O deque é velho e desgastado e, em muitos lugares, está quebrado, cheio de buracos. As crianças utilizam essas brechas nas tábuas para tentar pescar algum peixinho minúsculo. Não possuem qualquer equipamento, a não ser uma linha de nylon, na qual amarram a isca, normalmente uma minhoca, e, com cuidado, soltam o fio por entre os buracos para dentro do mar, feito uma armadilha. Aos poucos vão pegando alguns peixinhos desavisados, nada muito grande, com no máximo dez centímetros, porém, ainda assim, melhor que qualquer salmão do mundo, fosse ele chileno, do Alasca ou russo.
No entanto, a criatividade vai além. Logo alguns desses minúsculos pescados acabam virando mesmo é isca de um animal muito maior e talvez capaz de sustentar uma família mais numerosa, como a maioria por lá.

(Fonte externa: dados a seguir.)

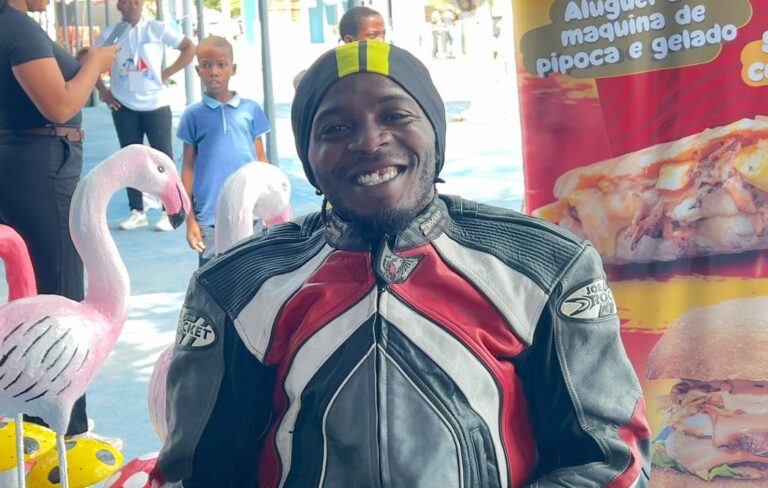 5db5fd39-f345-465b-b10a-91aaf98b0cd8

O fio de nylon, então, torna-se uma arma e, nele, amarra-se o pequeno peixe-isca. Uma das crianças, com perspicácia e um bom braço, lança o peixe ao ar, como se fosse devolvê-lo para a água, propositalmente na direção das gaivotas que, atiçadas, também buscavam alimentação. Pobre da ave que caiu na arapuca muito bem elaborada pela fértil mente infantil. E abocanhou o peixinho, engolindo-o, sem sequer pensar. Vendo que a armadilha havia funcionado, mais que depressa, o pequeno grupo de garotos agarrou a outra extremidade do nylon e puxou a gaivota, trazendo-a à força para o deque. A ave se debatia e tentava se soltar a todo custo. Os meninos agarraram-lhe as asas, segurando-as firme, não apenas para impedir que o animal fugisse, mas também para provocar as companheiras que sempre vinham em socorro das desavisadas, na tentativa de libertá-las. Engenhosa a estratégia, porque mais bichos cairiam em uma única arapuca armada. Desse modo, em pouco tempo, os garotos possuíam pelo menos mais três prisioneiras, para alegria e satisfação da criançada, que festejou a façanha. E a caça-pescaria já havia se tornado uma brincadeira divertida, de dar água na boca.
Agora, não apenas de peixe passariam aquela semana, para a infelicidade daquelas pobres gaivotas. O instinto de sobrevivência sempre fala mais alto, ajudado pela capacidade de adaptação e a criatividade das crianças. Afinal, o que vale mais: um pássaro na mão ou dois voando? Quem saberia muito bem lhe responder, caríssimo leitor, seriam esses garotos que passam suas tardes no Porto de Waff, em Ti-Haiti, no coração do Caribe.